The office staff further breaks the mood by confronting Mindy about her Danny hookup in front of Jody. They’re obviously hoping for fireworks, but instead Jody defends her. “But we were going to slut-shame her!” Beverly protests. “Who are we going to slut-shame now?”

Strangely enough, Mindy finds herself confiding in Beverly in the next scene. Look at Bev, playing a legitimate role in the plot! And being (sort of) wise! When Beverly asks which guy Mindy is going to pick, Mindy reveals that she has great sex with Danny (duh) but doesn’t “feel a spark” with Jody. In return, Beverly offhandedly refers to her own affair with Bernie Sanders in Moscow before advising, “Wait for someone special to come along. Until then, get escorts. Or crank it.” What a thought: Mindy could choose neither side in the love triangle!
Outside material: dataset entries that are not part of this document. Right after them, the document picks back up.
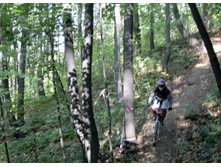 IMG_7126 �����.jpg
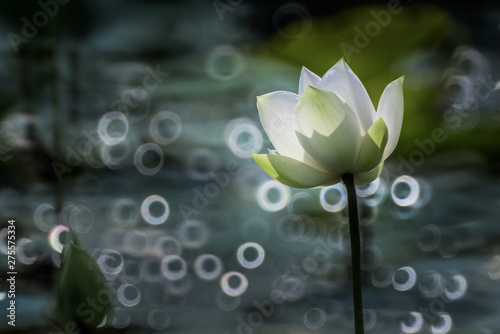 beautiful white lotus flower blossom photo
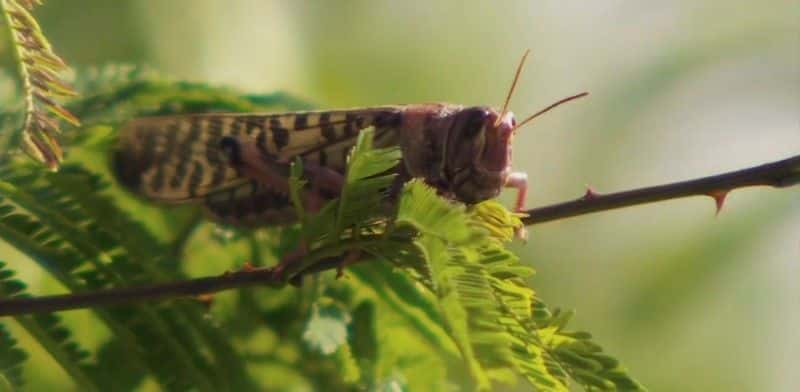 ¼ƬǵĻȳ Kenya's Locust Hunters1080P-Ļ/Ļ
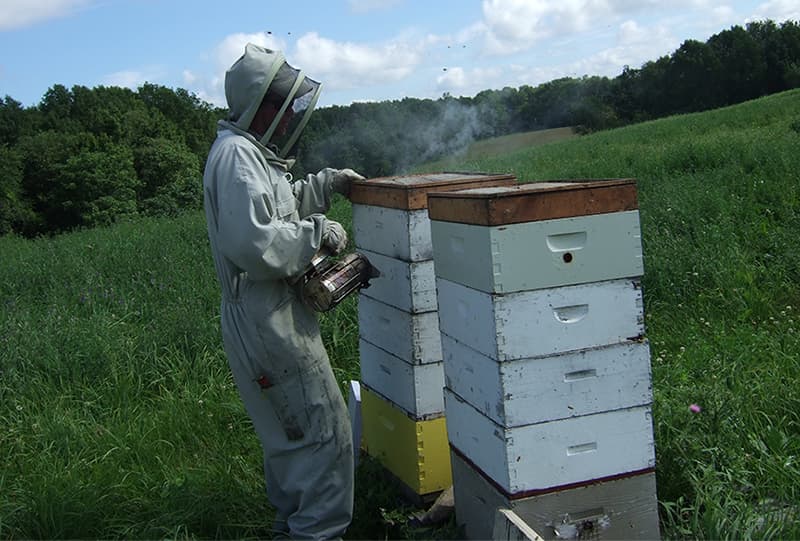 A person in a bee suit accessing a bee hive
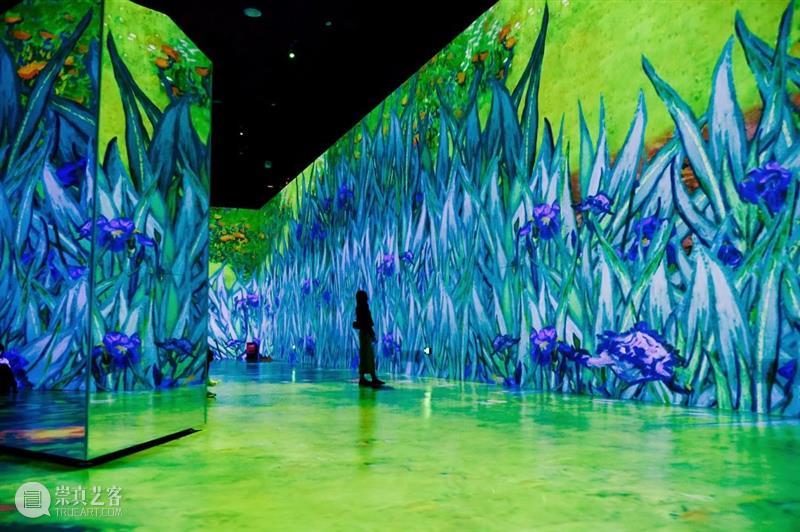 上海5月 | 15个不可错过的新媒体艺术展·演 崇真艺客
This idea is further confirmed when Danny reveals he hasn’t told Sarah yet. Both Danny and Mindy admit that neither wants to change. Even though they love each other, it’s over. This is one of their most affecting breakup scenes to date — it’s such a grownup thing, realizing you can’t be with someone you love. Then Mindy runs through the rain — nice use of a rom-com trope! — to make her grand declaration to Jody: She can’t be with him, either.

And just like that, The Mindy Project has found itself again.